As my buddy Mikey -- who, not so coincidentally, works for the Sonics -- accurately pointed out, I've only written one post on the Sonics in the past year or so, and even that wasn't exactly a ringing endorsement of optimism.
Well, consider me a changed man. Just as the Mariners' fortune changed in the most unlikely of three-month spans, so too can the Sonics' fortune -- if fans and ownership are savvy enough to capitalize on the momentum.
Enter the most powerful force out there: You.
You have the power to influence your elected officials. You have the power to convince them that there truly are some residents of the state of Washington that really want to see the team stay. As the Mariners showed, it doesn't need to be an overwhelming majority for it to happen -- just enough to give the team's lobbyists a foot in the door.
As a place to start, here's a list of "Do's and Don'ts" from Save Our Sonics that will give you some ideas. The biggest thing you can do right now is contact your state representation, which holds the power over whether the current stadium tax is extended to pay for the new arena.
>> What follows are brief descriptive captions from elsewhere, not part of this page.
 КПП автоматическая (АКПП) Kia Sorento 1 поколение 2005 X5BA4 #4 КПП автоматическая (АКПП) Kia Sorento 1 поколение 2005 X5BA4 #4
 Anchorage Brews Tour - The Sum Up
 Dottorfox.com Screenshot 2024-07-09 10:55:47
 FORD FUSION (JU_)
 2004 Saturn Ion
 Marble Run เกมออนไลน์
Here's how to do it -- it's not nearly as intimidating or difficult as you might think:
- Find your legislators here by filling out the appropriate information.
- This will take you to a page with links to all three of your elected representatives. Make sure you follow the next steps for each of them.
- On the official's home page, click the "e-mail" link under the photo.
- Fill out the appropriate information. (Your e-mail has a much better chance of being read and responded to if it comes from someone verified to be in their district. E-mails directly to them without using this system often either never get read, or get read much, much later.)
- Write a letter. It can be long, or it can be simple. Writing to a legislator can be a scary thing for a lot of people, but you don't have to be the best writer in the world to get your point across.
- Copy the text of the letter. Repeat steps 3 through 5 for the other two elected officials.
- Be concise. Legislators don't have a lot of time (although they've got a lot more of it this time of year) and you're a lot more likely to be read if you make your points quickly and easily.
- Be respectful. Trust me when I tell you that a little respect goes a long way with these people. From Save Our Sonics: "If the official you are communicating with has been negative about keeping the Sonics & Storm in the area, do not insult them or be rude if you want them to consider your opinion. Express disappointment at their stance, make some well-reasoned points, and tell them you hope they will re-examine their stance."
- Be heartfelt. You don't have to be the most eloquent person in the world to show your passion. Speak from personal experience, and don't use form letters you find elsewhere. Speak from the heart.
- Urge action. Don't just say you like the Sonics -- tell them what you want them to do.
This city has been given the mulligan of mulligans with the draft pick. It's up to us to work to make it happen.